BEGIN Input records

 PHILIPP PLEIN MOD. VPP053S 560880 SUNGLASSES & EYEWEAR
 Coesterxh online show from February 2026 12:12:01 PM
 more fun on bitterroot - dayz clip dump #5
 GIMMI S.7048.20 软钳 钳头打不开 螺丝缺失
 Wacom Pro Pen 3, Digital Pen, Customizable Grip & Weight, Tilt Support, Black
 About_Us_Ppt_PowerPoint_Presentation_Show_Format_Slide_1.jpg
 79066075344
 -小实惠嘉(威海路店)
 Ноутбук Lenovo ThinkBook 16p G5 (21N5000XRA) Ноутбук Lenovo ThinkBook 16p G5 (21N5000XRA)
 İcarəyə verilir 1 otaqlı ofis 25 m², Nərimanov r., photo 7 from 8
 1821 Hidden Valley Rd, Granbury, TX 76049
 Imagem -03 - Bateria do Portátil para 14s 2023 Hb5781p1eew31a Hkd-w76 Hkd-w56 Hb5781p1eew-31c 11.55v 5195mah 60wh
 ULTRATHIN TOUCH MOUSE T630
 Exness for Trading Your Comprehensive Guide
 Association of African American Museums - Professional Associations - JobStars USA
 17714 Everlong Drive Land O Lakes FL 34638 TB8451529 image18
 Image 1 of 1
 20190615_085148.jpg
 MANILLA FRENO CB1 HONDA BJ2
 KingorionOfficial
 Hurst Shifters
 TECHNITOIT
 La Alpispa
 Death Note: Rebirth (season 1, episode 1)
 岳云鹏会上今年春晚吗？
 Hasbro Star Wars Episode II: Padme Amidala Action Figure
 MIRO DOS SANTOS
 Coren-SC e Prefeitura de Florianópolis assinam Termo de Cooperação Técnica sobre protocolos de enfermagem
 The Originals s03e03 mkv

END Input records

* _How to complete this task_: What is needed is an exact copy of the lines from the one containing "Hurst Shifters" through the last line of the records above, both included.

* _Worked solution_:
 Hurst Shifters
 TECHNITOIT
 La Alpispa
 Death Note: Rebirth (season 1, episode 1)
 岳云鹏会上今年春晚吗？
 Hasbro Star Wars Episode II: Padme Amidala Action Figure
 MIRO DOS SANTOS
 Coren-SC e Prefeitura de Florianópolis assinam Termo de Cooperação Técnica sobre protocolos de enfermagem
 The Originals s03e03 mkv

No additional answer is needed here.